Tidal power can be classified into three generating methods:
Tidal stream generator
Tidal stream generators (or TSGs) make use of the kinetic energy of moving water to power turbines, in a similar way to wind turbines that use wind to power turbines. Some tidal generators can be built into the structures of existing bridges, involving virtually no aesthetic problems.
Tidal barrages make use of the potential energy in the difference in height (or head) between high and low tides. When using tidal barrages to generate power, the potential energy from a tide is seized through strategic placement of specialized dams. When the sea level rises and the tide begins to come in, the temporary increase in tidal power is channeled into a large basin behind the dam, holding a large amount of potential energy. With the receding tide, this energy is then converted into mechanical energy as the water is released through large turbines that create electrical power through the use of generators. Barrages are essentially dams across the full width of a tidal estuary.
Dynamic tidal power
Dynamic tidal power (or DTP) is an untried but promising technology that would exploit an interaction between potential and kinetic energies in tidal flows. It proposes that very long dams (for example: 30–50 km length) be built from coasts straight out into the sea or ocean, without enclosing an area. Tidal phase differences are introduced across the dam, leading to a significant water-level differential in shallow coastal seas – featuring strong coast-parallel oscillating tidal currents such as found in the UK, China and Korea.
US and Canadian studies in the twentieth century
The first study of large scale tidal power plants was by the US Federal Power Commission in 1924 which if built would have been located in the northern border area of the US state of Maine and the south eastern border area of the Canadian province of New Brunswick, with various dams, powerhouses and ship locks enclosing the Bay of Fundy and Passamaquoddy Bay (note: see map in reference). Nothing came of the study and it is unknown whether Canada had been approached about the study by the US Federal Power Commission.
There was also a report on the international commission in April 1961 entitled " Investigation of the International Passamaquoddy Tidal Power Project" produced by both the US and Canadian Federal Governments. According to benefit to costs ratios, the project was beneficial to the US but not to Canada. A highway system along the top of the dams was envisioned as well.
A study was commissioned by the Canadian, Nova Scotian and New Brunswick Governments (Reassessment of Fundy Tidal Power) to determine the potential for tidal barrages at Chignecto Bay and Minas Basin – at the end of the Fundy Bay estuary. There were three sites determined to be financially feasible: Shepody Bay (1550 MW), Cumberline Basin (1085 MW) and Cobequid Bay (3800 MW).

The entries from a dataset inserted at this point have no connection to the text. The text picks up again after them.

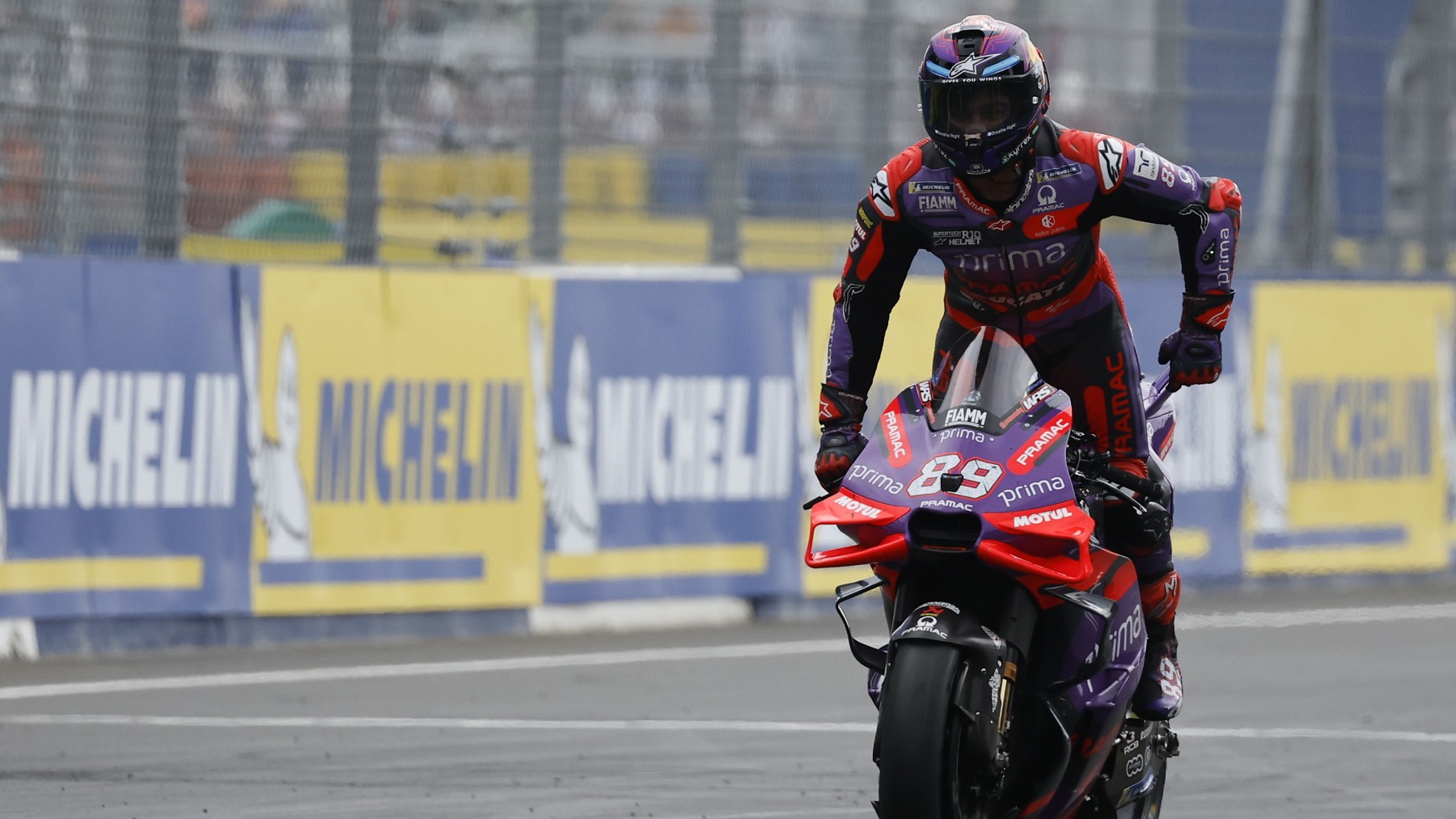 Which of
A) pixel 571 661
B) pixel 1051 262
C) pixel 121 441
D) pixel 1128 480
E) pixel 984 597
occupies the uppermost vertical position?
pixel 1051 262

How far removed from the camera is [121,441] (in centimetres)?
1012

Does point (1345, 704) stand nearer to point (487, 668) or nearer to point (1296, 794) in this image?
point (1296, 794)

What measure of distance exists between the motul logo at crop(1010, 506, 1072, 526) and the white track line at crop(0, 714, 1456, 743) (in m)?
3.42

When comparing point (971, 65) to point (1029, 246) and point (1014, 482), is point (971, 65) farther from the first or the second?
point (1014, 482)

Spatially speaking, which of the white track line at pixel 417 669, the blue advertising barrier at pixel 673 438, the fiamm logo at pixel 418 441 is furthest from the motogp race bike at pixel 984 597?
the blue advertising barrier at pixel 673 438

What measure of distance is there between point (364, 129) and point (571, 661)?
9.58 ft

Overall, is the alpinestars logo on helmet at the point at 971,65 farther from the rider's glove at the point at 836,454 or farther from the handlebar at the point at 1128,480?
the handlebar at the point at 1128,480

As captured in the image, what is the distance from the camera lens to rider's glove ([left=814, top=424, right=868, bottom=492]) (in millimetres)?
5594

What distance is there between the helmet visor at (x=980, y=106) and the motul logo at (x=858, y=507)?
90 cm

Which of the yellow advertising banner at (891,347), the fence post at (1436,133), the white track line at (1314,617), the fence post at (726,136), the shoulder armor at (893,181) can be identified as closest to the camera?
the shoulder armor at (893,181)

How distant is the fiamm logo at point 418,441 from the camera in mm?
10711

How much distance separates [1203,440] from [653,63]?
3.69m

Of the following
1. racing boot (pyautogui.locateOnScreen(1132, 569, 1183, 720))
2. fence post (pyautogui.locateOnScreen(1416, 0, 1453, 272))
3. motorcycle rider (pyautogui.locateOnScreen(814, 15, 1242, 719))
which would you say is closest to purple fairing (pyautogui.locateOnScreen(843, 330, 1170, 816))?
motorcycle rider (pyautogui.locateOnScreen(814, 15, 1242, 719))

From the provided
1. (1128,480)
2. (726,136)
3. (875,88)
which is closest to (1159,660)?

These were never built despite their apparent feasibility in 1977.
Current and future tidal power schemes
- The first tidal power station was the Rance tidal power plant built over a period of 6 years from 1960 to 1966 at La Rance, France. It has 240 MW installed capacity.
- 254 MW Sihwa Lake Tidal Power Plant in South Korea is the largest tidal power installation in the world. Construction was completed in 2011.
- The first tidal power site in North America is the Annapolis Royal Generating Station, Annapolis Royal, Nova Scotia, which opened in 1984 on an inlet of the Bay of Fundy. It has 20 MW installed capacity.
- The Jiangxia Tidal Power Station, south of Hangzhou in China has been operational since 1985, with current installed capacity of 3.2 MW. More tidal power is planned near the mouth of the Yalu River.
- The first in-stream tidal current generator in North America (Race Rocks Tidal Power Demonstration Project) was installed at Race Rocks on southern Vancouver Island in September 2006. The next phase in the development of this tidal current generator will be in Nova Scotia (Bay of Fundy).
- A small project was built by the Soviet Union at Kislaya Guba on the Barents Sea. It has 0.4 MW installed capacity. In 2006 it was upgraded with a 1.2MW experimental advanced orthogonal turbine.
- Jindo Uldolmok Tidal Power Plant in South Korea is a tidal stream generation scheme planned to be expanded progressively to 90 MW of capacity by 2013. The first 1 MW was installed in May 2009.
- A 1.2 MW SeaGen system became operational in late 2008 on Strangford Lough in Northern Ireland.
- The contract for an 812 MW tidal barrage near Ganghwa Island (South Korea) north-west of Incheon has been signed by Daewoo. Completion is planned for 2015.
- A 1,320 MW barrage built around islands west of Incheon is proposed by the South Korean government, with projected construction start in 2017.
- The Scottish Government has approved plans for a 10MW array of tidal stream generators near Islay, Scotland, costing 40 million pounds, and consisting of 10 turbines – enough to power over 5,000 homes. The first turbine is expected to be in operation by 2013.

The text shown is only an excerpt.